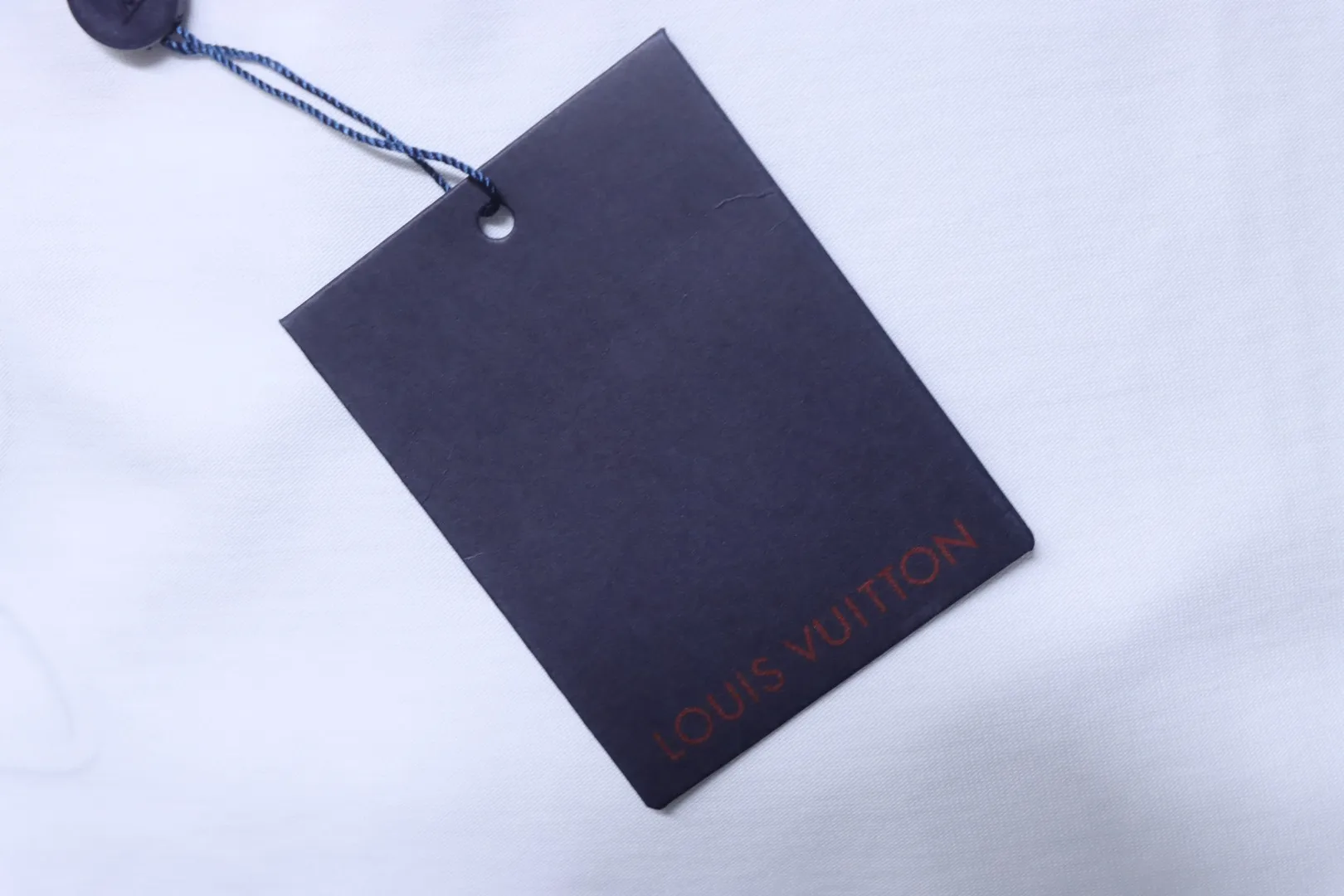 Louis Vuitton Hangtag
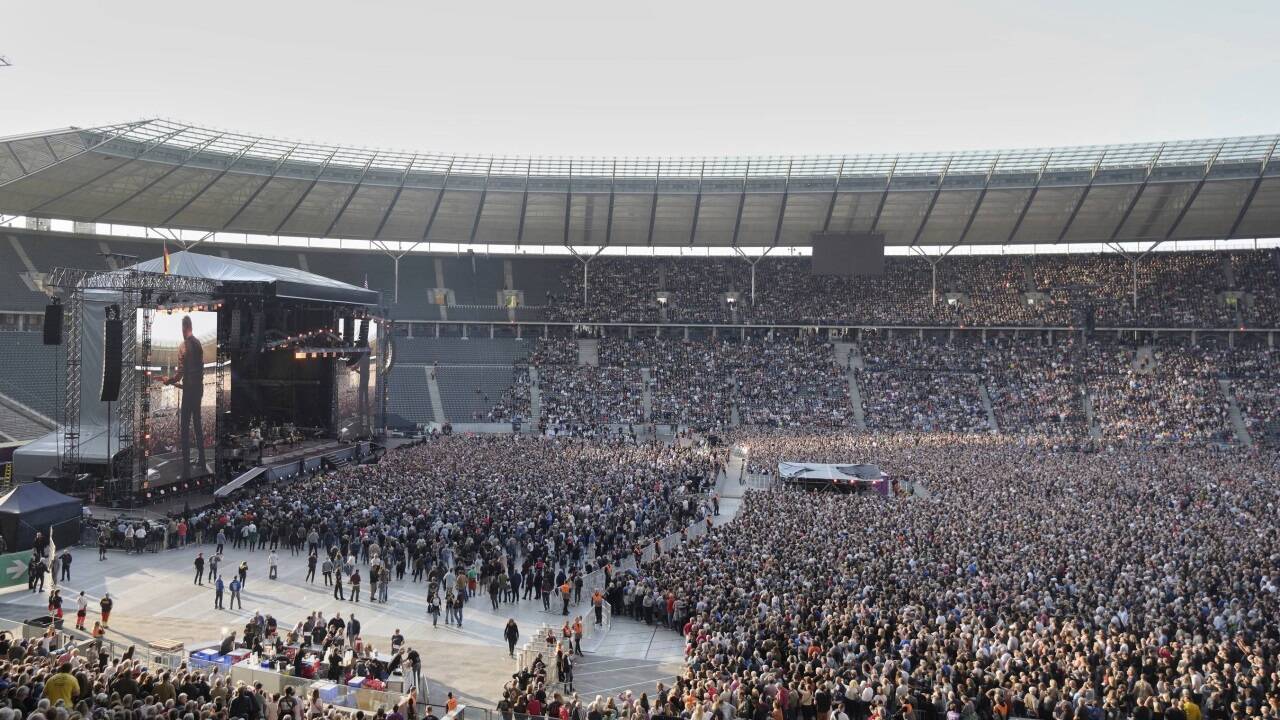 Klare Ansagen und mitreißende Musik: Bruce Springsteen und die E Street Band rockten das Berliner Olympiastadion. 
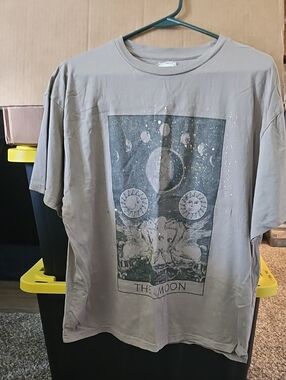 The Moon Graphic Tee - Gray Men’s Shirt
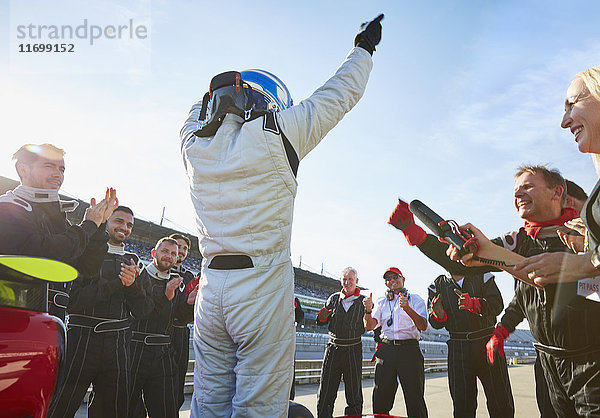 Formel-1-Rennstall und Fahrer jubeln  feiern den Sieg auf der Sportstrecke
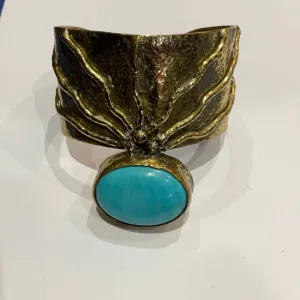 Secretly Posh Turquoise And Gold Cuff/Bracelet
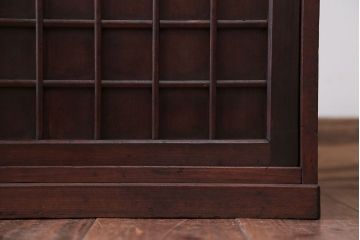 アンティーク家具　和製アンティーク　高級品!上質な格子戸収納戸棚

- - - - - - -

Task details:
Each entry above is to be duplicated exactly, and its pictures omitted.

Task result:
 Louis Vuitton Hangtag
 Klare Ansagen und mitreißende Musik: Bruce Springsteen und die E Street Band rockten das Berliner Olympiastadion. 
 The Moon Graphic Tee - Gray Men’s Shirt
 Formel-1-Rennstall und Fahrer jubeln  feiern den Sieg auf der Sportstrecke
 Secretly Posh Turquoise And Gold Cuff/Bracelet
 アンティーク家具　和製アンティーク　高級品!上質な格子戸収納戸棚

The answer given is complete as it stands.